Wednesday, April 27, 2005


I may not give much weight to IQ tests and the like, but I find this research on the effect of e-mails quite scary. E-mail has certainly affected my life. I believe that the quality of my writing has gone down. I may write more, but I do not put quite the same thought into that which I write. I generally receive well over one hundred e-mails every day (fortunately, I don't have to answer e-mails at work). I do not have the time to give them all the attention that I would like to particularly when I have so many other jobs that need doing. They control more of my free time than I would like them to. I also observe a compulsive urge to check up my e-mails every few minutes. As a result my mind is not as focused as it ought to be. It fragments my time and, being bombarded with new (and disconnected) information all the time, makes it harder for me to develop wisdom and the consistency and constancy of personhood necessary to be of service to our Lord in the world. E-mail's effect on me is well summed up in Hugh Mackay's comments on info-glut (quoted by Marva Dawn in Unfettered Hope):—
[Information can be used as] a distraction from thinking (as long as I keep absorbing this information, I won’t have to make sense of it); or as an insulation from reality (as long as I’m immersed in information, I don’t have to confront what is actually going on around me); or as a form of constant stimulation to create the illusion that something is always happening (I’m never bored … there’s always the TV or the Internet, or the latest CD-ROM).

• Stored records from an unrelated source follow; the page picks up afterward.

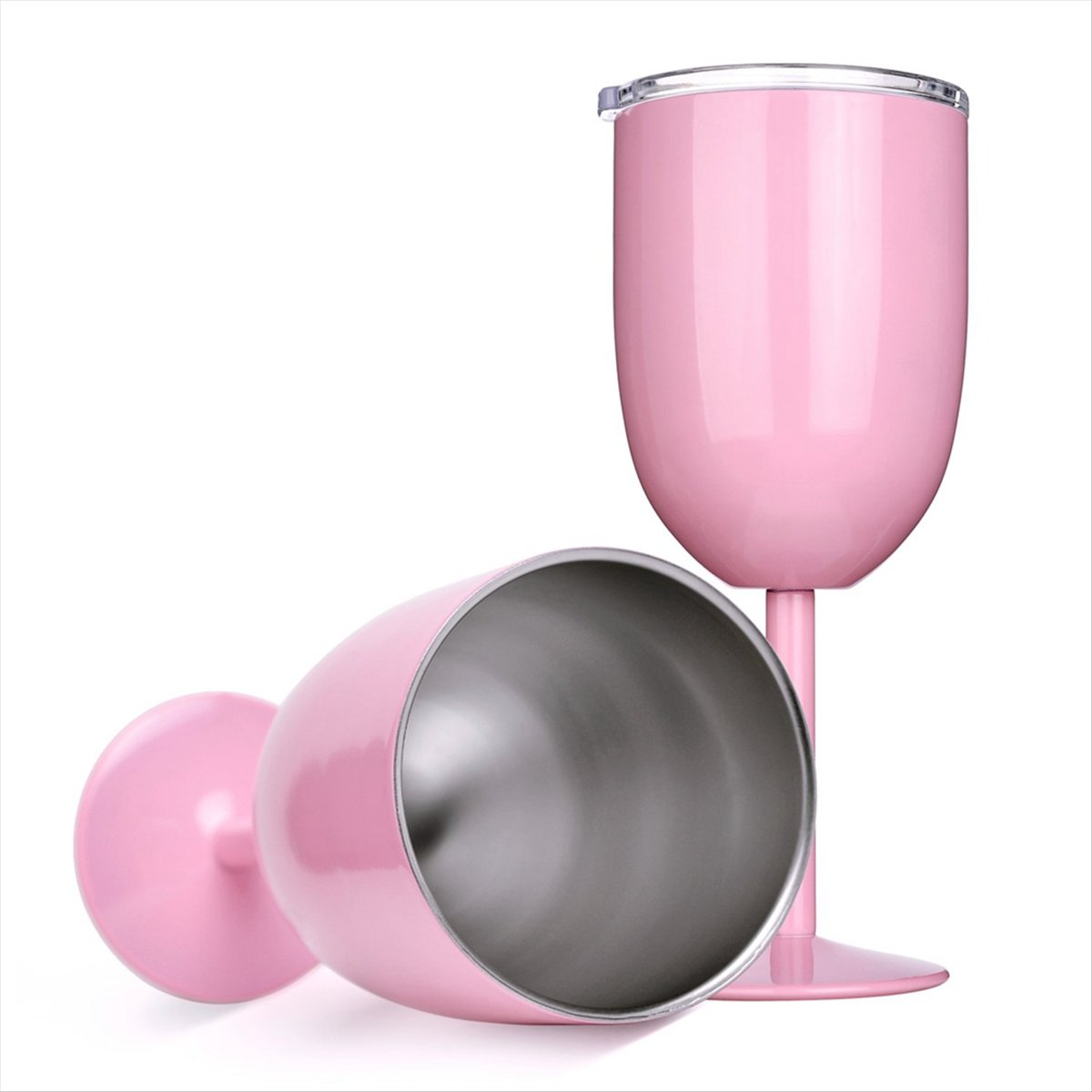 2PCS Insulated Pink Wine Glass - Wine & Beer Quito のレビューと価格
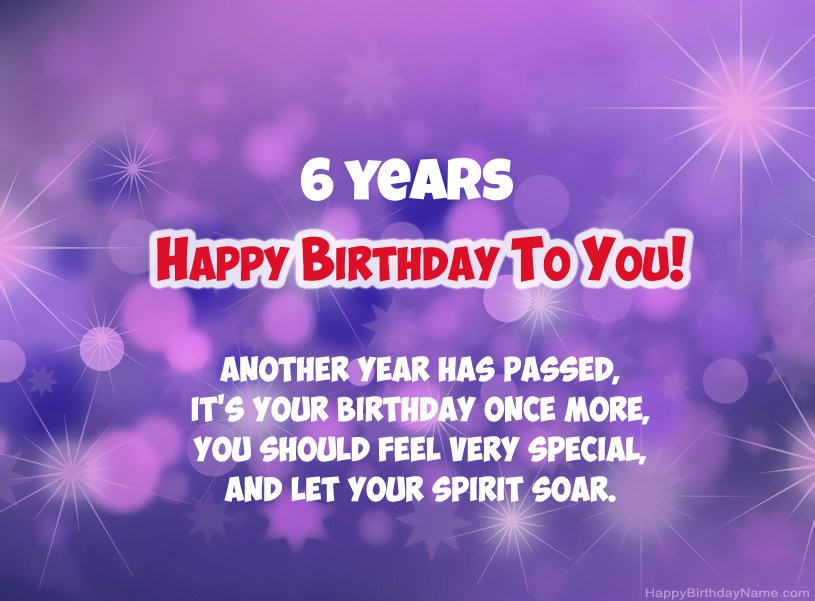 Beautiful pictures for Happy Birthday 6 years old boy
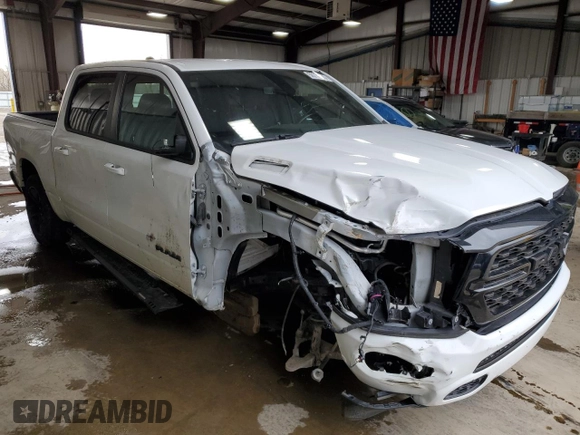 2022 Ram 1500 Big Horn with VIN 1C6SRFFT1NN137100, listed as a Copart auction lot 50770905 with 32,699 mi miles and Salvage Title. Bid and sale history available at carsss.com. Image 4.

I also find that, while I would love to give extended thought to particular questions, answering e-mails tends to scatter my thoughts in many different directions. Whilst this is occasionally helpful and can increase the possibility of serendipitous solutions to vexing theological problems, it also has many downsides. It makes a lengthy treatment of any particular subject far harder. I am also increasingly aware of the fact that my thought is not as clear when dealing with e-mails as it is much of the rest of the time. The ease of e-mail does not lend itself to the sort of careful thought that I would like to cultivate. At the moment I am trying to think of ways in which I can successfully use e-mail, without it dominating my life. Cutting back on e-mail is hard, harder than cutting it out altogether (I do not believe that I need to do this unless all else fails). I would be interested to hear how other people have gained control over their e-mail.